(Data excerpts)
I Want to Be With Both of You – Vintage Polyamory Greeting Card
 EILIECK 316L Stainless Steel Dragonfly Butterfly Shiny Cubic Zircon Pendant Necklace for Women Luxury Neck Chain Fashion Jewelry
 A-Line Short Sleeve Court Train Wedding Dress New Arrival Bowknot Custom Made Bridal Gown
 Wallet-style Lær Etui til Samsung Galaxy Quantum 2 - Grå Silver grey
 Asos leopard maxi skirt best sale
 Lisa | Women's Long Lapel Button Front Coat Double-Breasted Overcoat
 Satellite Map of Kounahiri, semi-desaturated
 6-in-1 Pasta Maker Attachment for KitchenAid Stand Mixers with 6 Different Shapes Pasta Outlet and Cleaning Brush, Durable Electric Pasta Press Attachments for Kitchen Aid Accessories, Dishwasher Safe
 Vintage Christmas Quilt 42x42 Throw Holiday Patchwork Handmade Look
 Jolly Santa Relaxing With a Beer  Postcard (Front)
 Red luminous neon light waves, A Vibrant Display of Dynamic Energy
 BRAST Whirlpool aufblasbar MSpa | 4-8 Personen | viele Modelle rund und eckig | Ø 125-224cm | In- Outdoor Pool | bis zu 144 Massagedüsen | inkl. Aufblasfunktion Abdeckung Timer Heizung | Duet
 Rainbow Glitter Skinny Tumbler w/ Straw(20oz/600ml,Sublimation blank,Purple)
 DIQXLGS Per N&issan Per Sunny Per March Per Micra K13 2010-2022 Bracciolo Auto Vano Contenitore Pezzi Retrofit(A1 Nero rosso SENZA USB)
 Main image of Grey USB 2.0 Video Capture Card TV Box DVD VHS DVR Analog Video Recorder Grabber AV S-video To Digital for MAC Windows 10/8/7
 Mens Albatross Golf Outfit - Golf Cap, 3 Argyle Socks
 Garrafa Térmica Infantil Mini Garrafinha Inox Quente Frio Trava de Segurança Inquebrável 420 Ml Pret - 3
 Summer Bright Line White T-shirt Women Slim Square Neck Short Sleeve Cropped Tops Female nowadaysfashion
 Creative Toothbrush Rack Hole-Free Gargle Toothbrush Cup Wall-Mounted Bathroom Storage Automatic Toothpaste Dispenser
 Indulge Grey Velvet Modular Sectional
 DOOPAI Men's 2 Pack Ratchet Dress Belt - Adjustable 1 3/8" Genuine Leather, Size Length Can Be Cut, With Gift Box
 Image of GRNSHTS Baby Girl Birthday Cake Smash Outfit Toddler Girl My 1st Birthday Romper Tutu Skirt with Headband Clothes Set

Exercise requirements:
Would you quote, exactly and only, the lines from the one containing "Indulge Grey Velvet Modular Sectional" to the end of the entries?

Exercise solution:
 Indulge Grey Velvet Modular Sectional
 DOOPAI Men's 2 Pack Ratchet Dress Belt - Adjustable 1 3/8" Genuine Leather, Size Length Can Be Cut, With Gift Box
 Image of GRNSHTS Baby Girl Birthday Cake Smash Outfit Toddler Girl My 1st Birthday Romper Tutu Skirt with Headband Clothes Set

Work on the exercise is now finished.